Here Are Three Ways to Control Phubbing:
1. Practice the Art of Leaving Your Phone Behind
It sounds hard, but it is possible. For phone addicts, this might seem no less than leaving a part of your body hand or limb behind. But with little practice, you can mend your ways. Start by leaving your phone in your car, desk drawer, or bag even. You can always check later.
If you cannot do that, then at least avoid taking it out of your bag or checking your phone the moment you hear a ping. If it is an important call, you can take it. But as for your messages and notifications, you can check them later.

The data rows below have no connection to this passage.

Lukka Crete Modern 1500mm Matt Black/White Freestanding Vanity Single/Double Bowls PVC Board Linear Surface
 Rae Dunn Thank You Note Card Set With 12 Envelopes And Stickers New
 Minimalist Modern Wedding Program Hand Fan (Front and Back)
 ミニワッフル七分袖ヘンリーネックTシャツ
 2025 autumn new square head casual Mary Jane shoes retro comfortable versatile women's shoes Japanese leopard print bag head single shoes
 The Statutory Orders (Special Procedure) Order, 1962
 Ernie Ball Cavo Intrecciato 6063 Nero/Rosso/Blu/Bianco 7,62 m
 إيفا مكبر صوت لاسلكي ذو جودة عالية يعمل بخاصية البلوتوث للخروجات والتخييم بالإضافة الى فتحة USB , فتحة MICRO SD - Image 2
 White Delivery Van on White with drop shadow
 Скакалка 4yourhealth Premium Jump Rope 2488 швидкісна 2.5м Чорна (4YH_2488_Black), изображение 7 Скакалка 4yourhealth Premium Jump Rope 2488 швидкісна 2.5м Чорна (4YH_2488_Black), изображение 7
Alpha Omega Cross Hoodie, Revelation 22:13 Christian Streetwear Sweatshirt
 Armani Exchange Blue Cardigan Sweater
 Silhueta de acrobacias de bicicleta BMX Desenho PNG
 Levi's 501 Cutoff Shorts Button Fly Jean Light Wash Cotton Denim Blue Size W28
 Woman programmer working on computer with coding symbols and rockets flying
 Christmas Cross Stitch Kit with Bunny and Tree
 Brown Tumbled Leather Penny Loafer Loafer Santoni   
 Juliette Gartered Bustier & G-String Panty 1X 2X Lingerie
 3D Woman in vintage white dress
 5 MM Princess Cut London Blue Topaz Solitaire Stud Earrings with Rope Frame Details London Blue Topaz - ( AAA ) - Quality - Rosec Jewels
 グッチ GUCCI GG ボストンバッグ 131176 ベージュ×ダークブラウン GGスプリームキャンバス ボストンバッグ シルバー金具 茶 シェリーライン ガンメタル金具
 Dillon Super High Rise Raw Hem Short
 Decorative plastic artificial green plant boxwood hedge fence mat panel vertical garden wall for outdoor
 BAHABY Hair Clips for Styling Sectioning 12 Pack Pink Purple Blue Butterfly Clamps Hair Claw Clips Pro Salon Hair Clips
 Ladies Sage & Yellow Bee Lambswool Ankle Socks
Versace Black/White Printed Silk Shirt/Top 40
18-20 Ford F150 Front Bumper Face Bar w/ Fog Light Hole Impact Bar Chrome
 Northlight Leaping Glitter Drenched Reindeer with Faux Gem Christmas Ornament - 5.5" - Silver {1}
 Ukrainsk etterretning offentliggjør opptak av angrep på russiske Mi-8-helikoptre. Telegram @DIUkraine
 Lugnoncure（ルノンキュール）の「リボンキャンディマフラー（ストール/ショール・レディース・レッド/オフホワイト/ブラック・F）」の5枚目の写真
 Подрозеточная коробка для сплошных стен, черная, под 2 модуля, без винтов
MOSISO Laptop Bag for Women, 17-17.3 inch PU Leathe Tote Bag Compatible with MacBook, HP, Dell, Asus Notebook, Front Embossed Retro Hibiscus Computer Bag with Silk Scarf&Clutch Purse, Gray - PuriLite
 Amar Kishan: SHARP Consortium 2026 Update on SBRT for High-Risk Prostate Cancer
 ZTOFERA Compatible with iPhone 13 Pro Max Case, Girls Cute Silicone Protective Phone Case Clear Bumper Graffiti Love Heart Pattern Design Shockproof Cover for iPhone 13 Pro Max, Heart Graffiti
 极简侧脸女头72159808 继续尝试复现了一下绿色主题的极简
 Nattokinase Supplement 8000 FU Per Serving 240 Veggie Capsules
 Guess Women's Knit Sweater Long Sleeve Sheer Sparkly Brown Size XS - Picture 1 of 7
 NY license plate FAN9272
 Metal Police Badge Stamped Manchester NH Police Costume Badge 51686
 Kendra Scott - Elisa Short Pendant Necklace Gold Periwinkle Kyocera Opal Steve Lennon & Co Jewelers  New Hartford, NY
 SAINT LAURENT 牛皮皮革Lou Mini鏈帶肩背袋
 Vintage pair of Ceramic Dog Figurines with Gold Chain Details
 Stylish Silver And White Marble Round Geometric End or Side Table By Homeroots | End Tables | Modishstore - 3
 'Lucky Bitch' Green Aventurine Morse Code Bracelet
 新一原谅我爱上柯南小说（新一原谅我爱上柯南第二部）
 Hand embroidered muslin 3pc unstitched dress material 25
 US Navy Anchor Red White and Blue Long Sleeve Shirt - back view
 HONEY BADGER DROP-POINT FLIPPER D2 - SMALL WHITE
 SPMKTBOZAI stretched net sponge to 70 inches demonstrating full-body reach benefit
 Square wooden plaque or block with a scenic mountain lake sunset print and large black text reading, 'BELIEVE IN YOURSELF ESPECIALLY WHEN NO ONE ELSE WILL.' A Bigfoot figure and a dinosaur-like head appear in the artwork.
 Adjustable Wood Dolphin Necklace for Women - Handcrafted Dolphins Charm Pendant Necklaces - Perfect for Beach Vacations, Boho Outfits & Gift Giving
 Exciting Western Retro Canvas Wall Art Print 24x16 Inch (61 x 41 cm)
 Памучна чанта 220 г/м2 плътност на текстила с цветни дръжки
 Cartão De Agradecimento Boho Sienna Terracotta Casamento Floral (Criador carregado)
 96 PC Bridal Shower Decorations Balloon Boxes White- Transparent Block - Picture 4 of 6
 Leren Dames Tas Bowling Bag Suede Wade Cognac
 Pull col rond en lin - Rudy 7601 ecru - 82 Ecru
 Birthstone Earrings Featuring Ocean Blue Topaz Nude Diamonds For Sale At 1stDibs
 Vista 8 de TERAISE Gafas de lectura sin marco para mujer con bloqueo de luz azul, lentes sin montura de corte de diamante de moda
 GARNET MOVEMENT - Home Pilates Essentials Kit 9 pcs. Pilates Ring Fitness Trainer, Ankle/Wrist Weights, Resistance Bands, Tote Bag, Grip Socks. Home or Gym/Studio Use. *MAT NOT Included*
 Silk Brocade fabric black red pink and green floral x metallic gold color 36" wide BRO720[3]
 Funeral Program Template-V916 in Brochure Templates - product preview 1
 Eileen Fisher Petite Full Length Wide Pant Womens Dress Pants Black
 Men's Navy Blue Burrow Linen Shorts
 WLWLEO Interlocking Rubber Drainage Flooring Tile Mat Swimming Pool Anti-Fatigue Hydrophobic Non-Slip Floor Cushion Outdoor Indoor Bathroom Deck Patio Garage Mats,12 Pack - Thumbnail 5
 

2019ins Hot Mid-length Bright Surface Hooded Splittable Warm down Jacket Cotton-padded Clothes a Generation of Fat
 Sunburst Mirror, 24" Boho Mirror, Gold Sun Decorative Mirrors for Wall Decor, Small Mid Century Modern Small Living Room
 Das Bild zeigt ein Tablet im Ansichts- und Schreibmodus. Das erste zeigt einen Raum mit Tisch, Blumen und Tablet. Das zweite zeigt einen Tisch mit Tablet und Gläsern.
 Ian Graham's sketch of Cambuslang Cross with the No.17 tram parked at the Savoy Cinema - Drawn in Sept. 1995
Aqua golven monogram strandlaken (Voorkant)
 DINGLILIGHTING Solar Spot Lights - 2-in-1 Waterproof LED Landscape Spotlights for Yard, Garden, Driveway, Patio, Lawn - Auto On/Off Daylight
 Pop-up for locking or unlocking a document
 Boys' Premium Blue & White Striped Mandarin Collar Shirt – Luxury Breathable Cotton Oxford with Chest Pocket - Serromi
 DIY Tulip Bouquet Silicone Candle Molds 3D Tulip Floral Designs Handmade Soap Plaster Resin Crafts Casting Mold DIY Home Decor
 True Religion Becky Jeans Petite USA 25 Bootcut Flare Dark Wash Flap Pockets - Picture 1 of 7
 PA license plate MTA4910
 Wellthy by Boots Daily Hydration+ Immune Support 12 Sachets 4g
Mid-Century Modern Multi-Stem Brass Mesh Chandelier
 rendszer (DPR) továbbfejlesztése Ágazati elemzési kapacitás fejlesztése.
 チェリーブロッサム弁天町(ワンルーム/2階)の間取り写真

2. Create Phone-Free Timelines and Zones
Establish some rules and stick to them. Especially when you are having meals together or having coffee. When you both are together or have company, there should be no phone use. They are distracting and keep you from interacting with others. Put them on, do not disturb mode.
Use this time to truly engage yourself with the people around you. Have a sincere conversation with them with full attention. It might seem forced to you at first, as you haven’t been doing it for long, but you will eventually grow comfortable.
3. Challenge Yourself
Push your limits and make this task of ignoring your phone a challenge for yourself. Keep track of the hours you can go on without your phone. Set limits and reward yourself for achieving them. Then challenge yourself again, and increase the duration of tech-free time.
You should know that phubbing is more of an impulse problem than a real addiction. It takes some time to break learned behaviors and impulses. Be patient with yourself, but stay firm and consistent.
If None of This Works – Get Professional Help
Checking your notifications, again and again, is an impulse many of us find hard to control. If you are having a hard time controlling this urge, you may want to seek professional help. This way, you can learn ways to redirect your energy elsewhere. They could help you find the reason as to why you developed this impulse in the first place. For most, social media works as an escape from the real world.
But excessive use can lead to problems that can heavily impact your mental health as well as the relationships around you.
Social media could aggravate symptoms of low self-esteem and depression. And a professional therapist could help you understand the underlying issues and work to improve your condition to work your way out of the maze of social media apps.
Yes, you should find ways to avoid phubbing, but that doesn’t mean that you should stop using your phone altogether. Going for a digital detox from time to time does wonders. But let’s face it, phones are important and take care of so many things for us. You just have to be aware of your usage. Be mindful of your phone activities when you are around people.
Phubbing has become an issue quite recently. It is a learned behavior. However, with a little effort, you can unlearn it. With some time and consistency, you will see improvement in your love life as well as your mental health.